Qual è il segreto di quest’uomo col basco sempre in testa, la chioma lunga e bianca, il viso arguto segnato dal tempo, di atteggiamenti e gusti per nulla mondani? Ci aiuta la sua biografia. Come racconta il nipote Luca, curatore dell’archivio di Carrà, il nonno aveva il suo studio in casa, un angolo in sala, un unico tavolo impastato di colore come una tavolozza. Nato in ristrettezze a Quargnento, nei pressi di Alessandria, era tale la sua passione, sin da giovanissimo, che disegnava sui muri di casa, senza sosta, al punto che il padre dovette imbiancare un locale in mansarda e mettergli a disposizione le pareti per i suoi primi, geniali scarabocchi.
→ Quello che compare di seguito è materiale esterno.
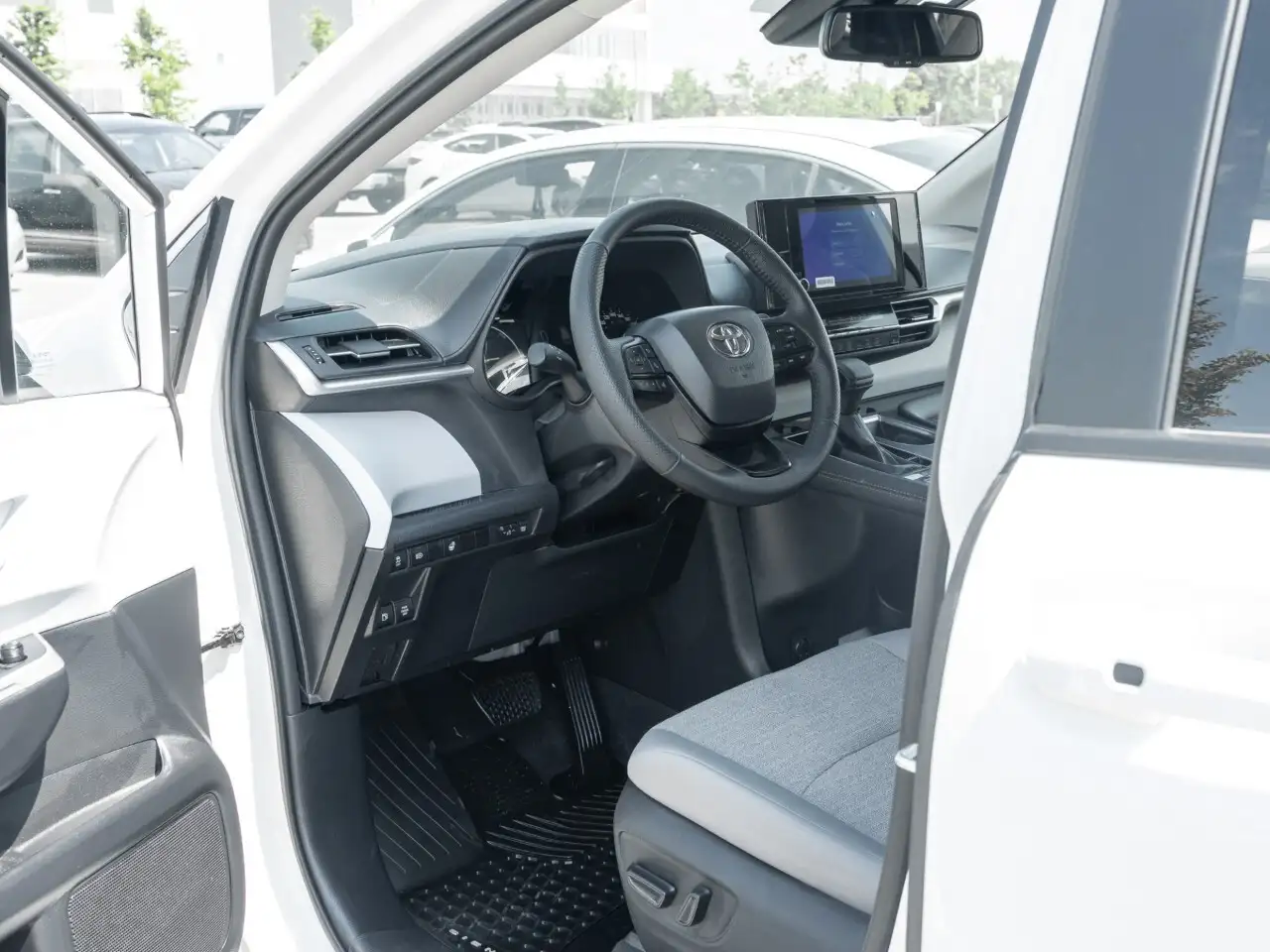 Toyota Sienna снимка Toyota Sienna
Si trasferirà poi a Milano e frequenterà la scuola serale di Brera. Lavorerà anche come stuccatore a Parigi, dove potrà ammirare grandi come Renoir, Cezanne, Pissarro, Sisley, Monet, Gauguin e più tardi, quando vi ritornerà dopo gli entusiasmi futuristi, Picasso e Modigliani. Carrà è l’autore di quadri dal fascino misterioso come L’attesa, che insieme a Chiesa di Forte dei Marmi o Estate ci aprono uno squarcio sulla bellezza e l’incanto della vita. A conferma dell’inquietudine e dell’attesa che albergavano nel suo cuore, Carrà scrive nel 1918, in una pagina personale e intima di Soliloquio: «L’ora ultima mi troverà con il batticuore».